To charge students the full cost of a degree sends a clear signal that Australia’s universities are the natural homes for only those who can afford to study, and implies that knowledge is only ever traded rather than shared.

Not at all. I am surprised that these pre-HECS assumptions survive despite the loan scheme’s success.

It is time for a broader discussion based on the principles that a world-class university system and intergenerational mobility are both critical if we are to build our productivity and competitiveness on the world stage.

Caroline McMillen is the vice-chancellor of the University of Newcastle.

  1. Hi Andrew,

    Thanks for your insights. Do you have any response to McMillen’s claims: “Implicit in its calculation of public versus private benefit is…that all students who study subjects that have historically produced high-earning graduates will also earn high salaries”?

    I think this is a legitimate concern and may overestimate the private returns of higher ed. For one, the signalling effect of a bachelors degree for today’s 21 year old will be much less during their career than it was for a graduate 40 years ago when we had an elite higher education system. Therefore, I would doubt that we can reliably predict a steep and steady salary increase for today’s graduates based on cross-sectional data.

  2. Peter – One finding from our research is that graduates don’t need to earn especially high salaries relative to their peers to come out ahead. And if private returns are sinking, initial tuition charges are the least of their problems.

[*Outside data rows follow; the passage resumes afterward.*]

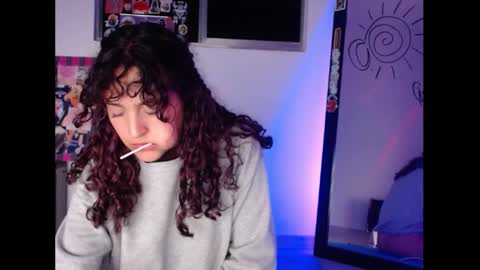 gin independent model online show from March 5, 2025, 6:33 am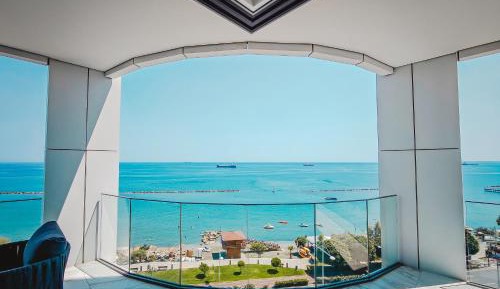 Two-Bedroom Apartment with Sea View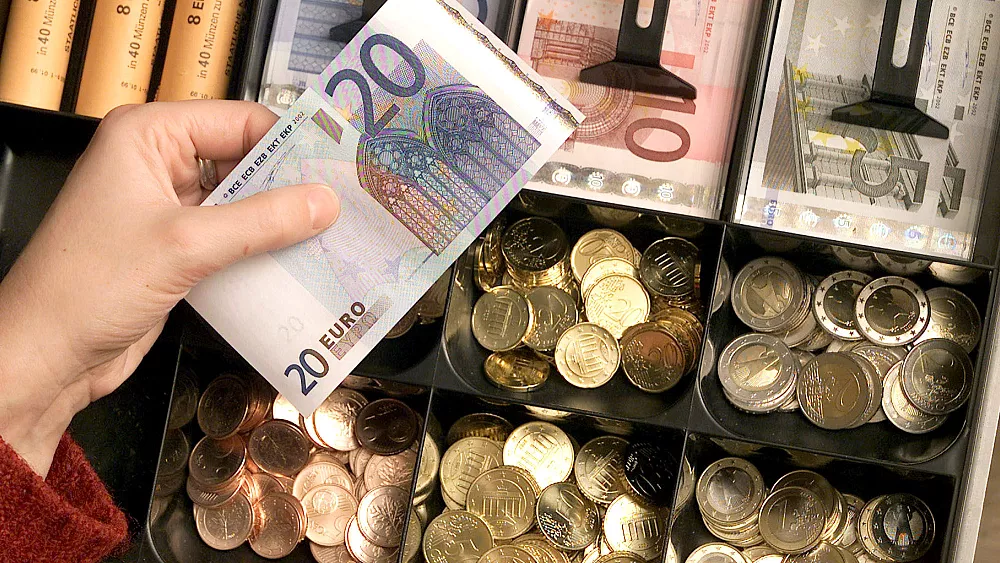 Euro vijon rënien në kursin e këmbimit me Lekun, vlera më e ulët në këto 3 muaj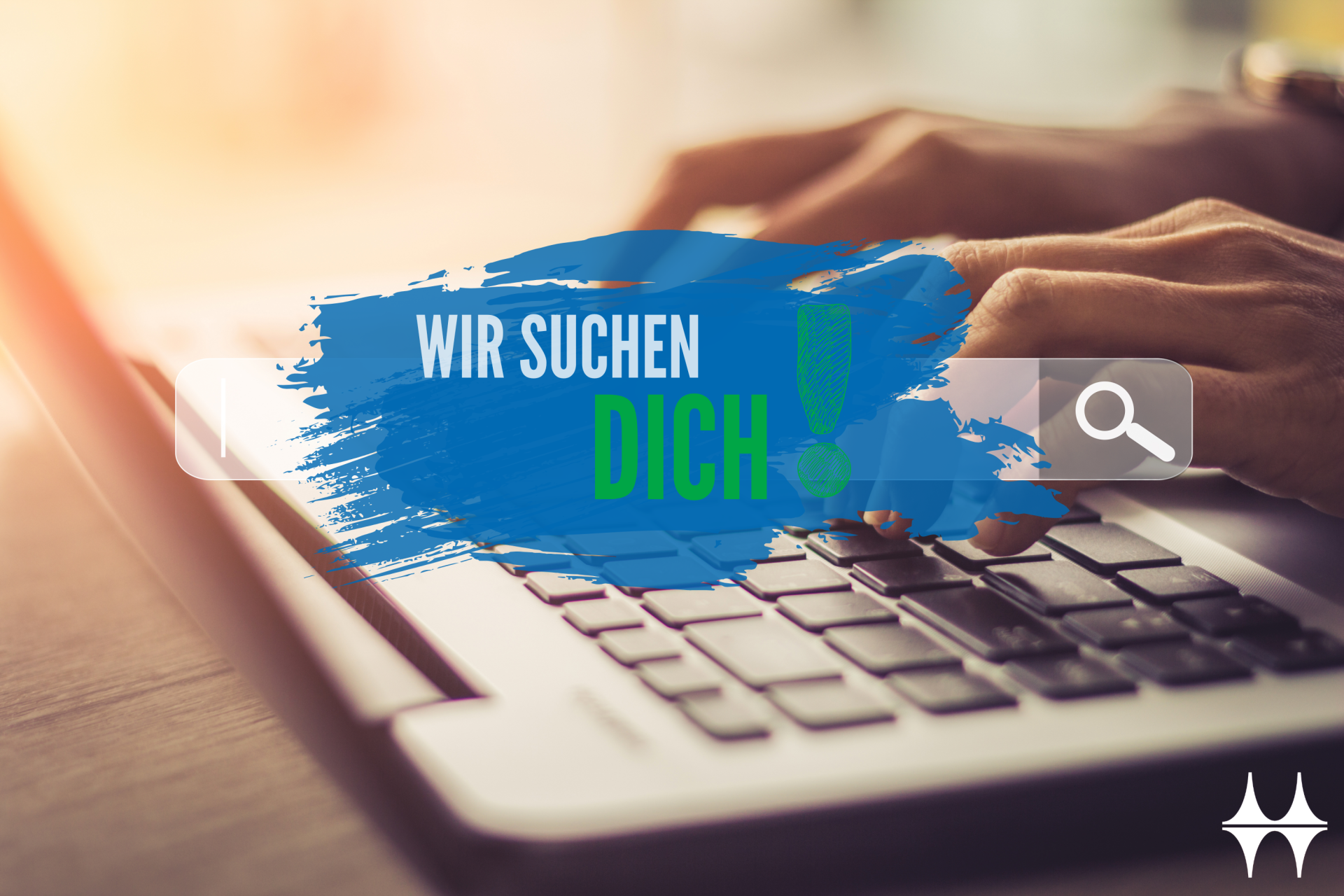 Person arbeitet an einem Laptop. Zentral der Schriftzug "Wir suchen dich!"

    However, I don’t think declining private returns are very likely unless we get a much large increase in attainment than seems likely. McMillen can’t have it both ways on this – if demand for skills is going up, then all other things equal salary premiums should also be maintained or increased.

  3. Andrew – The argument is not that private returns will continue to decline with higher attainment, it is that they have already declined.

    For example, Graduate Careers Australia report that starting salaries of bachelors graduates has dropped from 100% of FT male average weekly earnings (AWE) in 1977 to 78% in 2011. The decline appears to be steady and 2012 is the lowest on record. Even if higher ed attainment remains stable, it is highly unlikely that today’s graduate will achieve the same returns on higher ed as the 1977 graduate.

    http://www.graduatecareers.com.au/wp-content/uploads/2012/01/gca002770.pdf

    Still, we would probably find that the relativity between year 12-educated and AWE has worsened even more so since 1977. So it doesn’t necessarily point to a weaker return on higher ed relative to yr 12 education. But, I’d say that again it is the signaling effect that is the primary reason why it is much more risky to not complete a bachelors degree.

  4. Peter – GCA should discontinue that data series, for reasons I explained a few years ago.

    Page 70 of my Mapping Australian Higher Education publication has better numbers, showing returns are stable or increasing.

  5. Andrew – Thanks for the responses and references, they helped give me a better picture of the data.